Scott, a curriculum and instruction supervisor for Miami-Dade County Public Schools, agrees that the tour should include South Florida.

“Miami-Dade County Public School District has 319,000 students,” Scott said, “and African Americans are 26 percent of the population. It’s key that we share this information. Having the tour come down would shed light on the struggle of what it took for us to get where we are today.”


This upcoming tour, which costs $190, targets educators who are encouraged to incorporate their new-found knowledge and awareness of African-American history into their classroom instruction.  Participants will receive a certificate of completion for submission to the school district to earn professional development credits. 

The project also helps educators know about people and events that are not covered in text books. “It serves as a constant reminder of the struggle in our story,” Scott added. “A lot of our history was not documented.”

About 30 participants have signed up for the tour, which begins at the black-owned and managed Innisbrook Resort in Tampa, and continues with lectures and visits to the Kingsley Plantation at Fort George Island near Jacksonville, Fort Mose, the first free community of ex-slaves, founded in 1738. In the Orlando area, educators will learn about African-American culture before desegregation.
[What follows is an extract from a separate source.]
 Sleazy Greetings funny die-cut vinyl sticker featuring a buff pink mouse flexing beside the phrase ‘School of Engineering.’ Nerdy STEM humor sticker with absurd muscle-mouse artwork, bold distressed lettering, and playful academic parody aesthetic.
They will tour the business/entertainment district and visit the Wells' Built Museum's exhibit and video on African American Music performers.

Although the tour is designed for education professionals, others, including independent researchers, are also included. Brian Williams, vice mayor of Palmetto City, and Bonnie Burgess, former mayor of Alachua, also have signed on for the tour.

Beyond the tour’s reach, Scott said it is important that school districts implement African-American history each school day, which is a mandate of the task force.

Only six of the state’s 66 school districts demonstrate what Scott calls an “exemplary curriculum” that incorporates African-American history. Broward, Palm Beach and Miami-Dade school districts are among the six.

Scott also serves on a state-wide instructional text book committee, which will select the social studies textbooks for the state’s 66 school districts.

“We make sure African-American history is covered,” Scott said.

In the past, added DuPree, text books would include only one picture of a slave who was brought to America.
“They did not want to deal with the hidden history,” she said.